Père Gilles Rousselet
Fête des Saints Innocents – 1Jn 1,5-2,2 ; Ps 123 ; Mt 2, 13-18
Avec le génie propre à la liturgie, nous sommes vraiment plongés en plein cœur du mystère de Noël. Il me semble que cette année, avec le confinement, toutes les règles, les restrictions qui durent déjà depuis le mois de Mars et qui va se poursuivre encore, il me semble qu’on a eu la possibilité, par la grâce de Dieu bien sûr, de nous laisser toucher peut être par certains aspects du mystère de Noël qui pouvaient avoir tendance à être un peu effacés par les lumières artificielles des néons, des décorations, des cadeaux, de la consommation ; qui peuvent être de très bonnes choses : il y a quand même des commerçants qui vivent de ce commerce ; et puis aussi la joie que nous avons d’offrir des cadeaux et d’en recevoir. Et la joie d’être réunis en famille. Mais c’est vrai que nous avons aussi besoin de découvrir le mystère de Noël, de l’approfondir ; on peut dire qu’on le connaît puisque nous sommes chrétiens déjà de longue date. Mais enfin, c’est un mystère, c’est-à-dire qu’il n’a jamais fini de révéler la puissance, la richesse, la force de transformation qui est en son sein et qui ne demande qu’à se communiquer. C’est vrai que quand on aime, on ne peut jamais se lasser de la personne qu’on aime et on ne peut jamais dire qu’on la connaît définitivement… Qu’en est-il du mystère de Noël qui n’a jamais fini de nous révéler ses trésors insondables ?
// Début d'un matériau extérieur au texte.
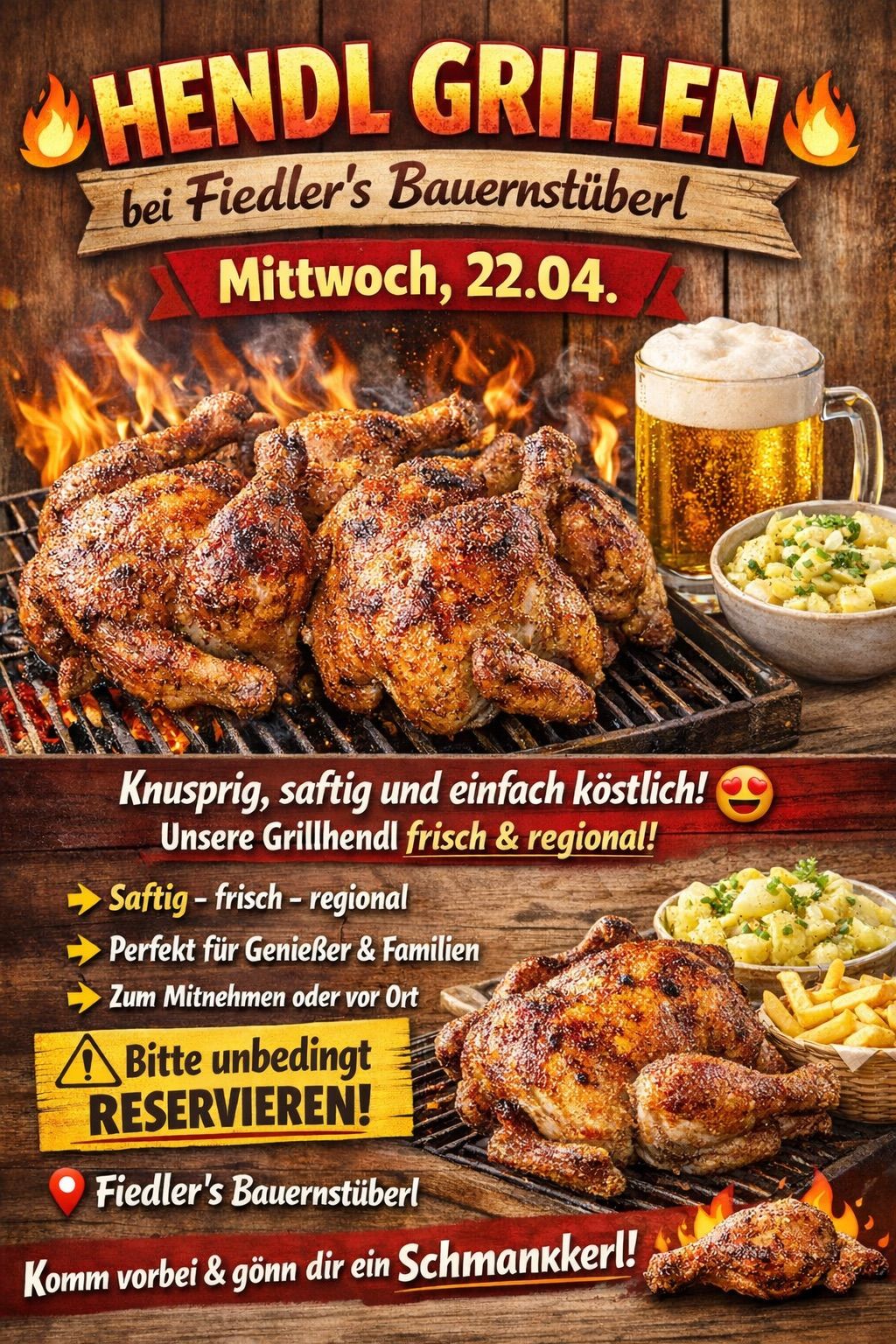 Gegrilltes Huhn auf einem Holzgrill mit Feuer. Ein Bierkrug und Beilagen auf einem Holztisch. Der Text lautet: Knusprig, saftig und einfach köstlich! Perfekt für Genießer und Familien. Jetzt reservieren!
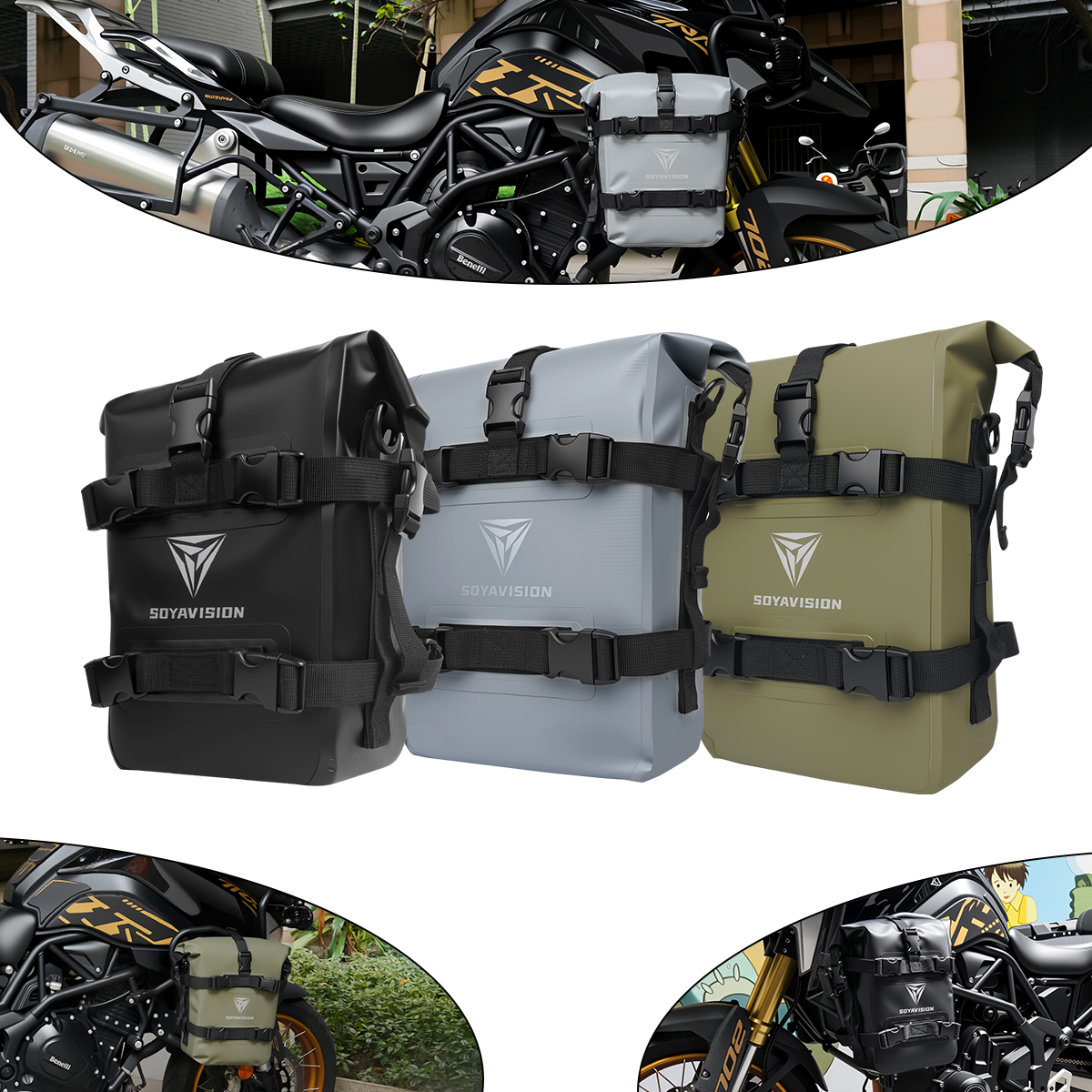 SOYAVISION ユニバーサルオートバイサドルバッグ 8/10/12L クラッシュバーバンパーバッグ BMW R1200GS R1250GS ホンダスズキサイドバッグ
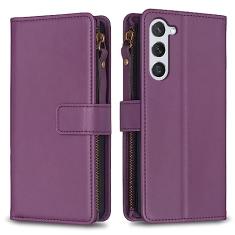 Capa com alça de pulso para Samsung Galaxy S23, 9 compartimentos para cartão, 1 carteira de couro com zíper, função de suporte, fecho magnético, capa para celular compatível com Samsung Galaxy S23 5G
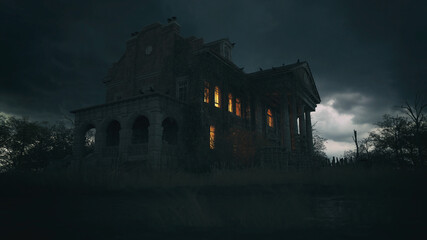 Abandoned creepy manor house with illuminated windows under a dark cloudy sky. 3D render.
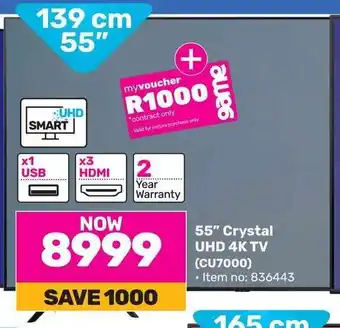 Game SAMSUNG 55" Crystal UHD 4K TV (CU7000) offer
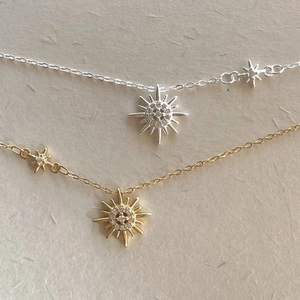Minimalist 925 sterling silver star pendant necklace set in gold and silver finishes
Dieu s’est totalement révélé dans ce petit enfant et il a révélé son immense proximité. Dans cet enfant, né dans la crèche, dans cette nuit de Noël, c’est vraiment Dieu qui se révèle en plénitude et qui s’offre dans le plus grand abandon, dans la plus grande fragilité. Et en même temps, un certain nombre de signes montrent qu’il est venu pour donner sa vie : dans le récit de Saint Luc, il y a un certain nombre de références qui nous renvoient directement à la finale de l’évangile, quand Jésus va être déposé, entouré de ce linge et déposé au tombeau, comme Marie l’avant entouré de ces langes et déposé dans la mangeoire. Il y a d’autres signes comme cela, dans saint Luc en particulier, qui nous invitent vraiment à considérer que ce petit enfant Jésus qui signifie « Dieu sauve » est venu pour nous sauver.
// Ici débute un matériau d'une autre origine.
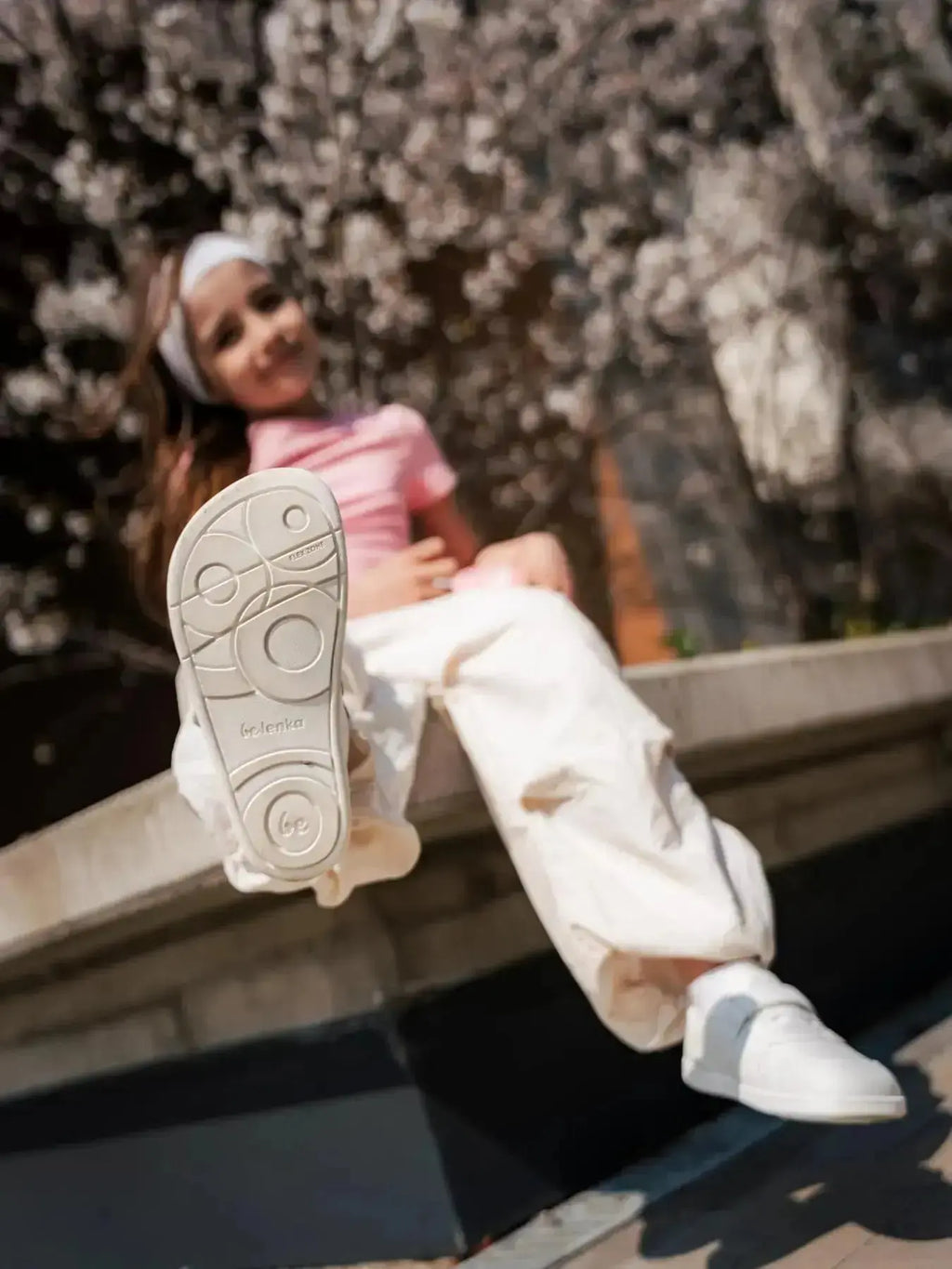 Be Lenka Kids - Scoot All White - Zapatillas colegiales barefoot infantiles blancas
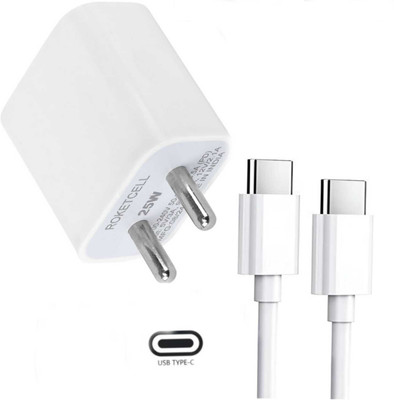roketcell 25 W PD 3.1 A Wall Charger for Mobile(White, Cable Included)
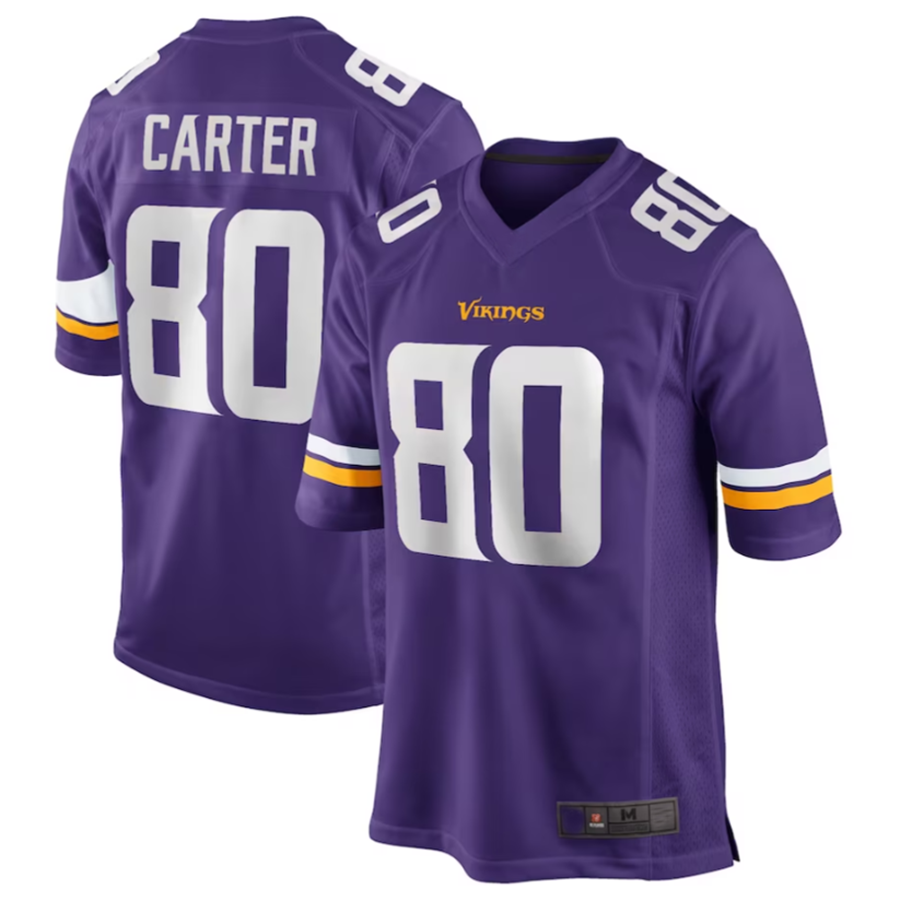 MN.Vikings #80 Cris Carter Player Purple Game Football Jerseys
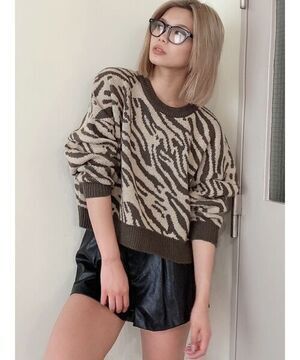 GYDA ZEBRA PATTERN ニット TOPS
Et évidemment il y a une transformation du monde et dans cette venue de la lumière (vous savez que dans le livre de la Genèse, Dieu crée la lumière et il sépare la lumière des ténèbres), l’incarnation de cette lumière divine qui est Jésus « lumière du monde » entre en conflit avec les ténèbres. On voit bien dans l’évangile ce combat terrible qu’il y a entre deux puissances qui s’opposent : Hérode qui veut absolument savoir où est l’enfant, non pas pour aller l’adorer, mais pour l’éliminer car il le perçoit comme un danger. Et ne pouvant pas l’éliminer, alors il va éliminer tous les enfants de l’âge de Jésus, pour être sûr de ne pas le manquer. On peut s’étonner : pourquoi Dieu qui est venu dans le monde pour nous sauver, n’a pas pu sauver la vie de ces enfants ? On ne sait pas bien combien il y en avait, mais même s’il n’y en avait qu’un, la question pouvait se poser… Et en même temps, pourquoi, depuis que l’humanité existe, il y a toujours des victimes qui sont mises à mort ? Nous savons bien sans porter de jugement, les nombreux avortements sont aussi des enfants victimes qui ne verront pas le jour… Et avec cette plainte, ces larmes de Dieu qui est vraiment notre Père et comme disait un enfant « qui nous aime comme une mère », qui souffre de toute vie qui ne peut pas s’épanouir sur cette terre.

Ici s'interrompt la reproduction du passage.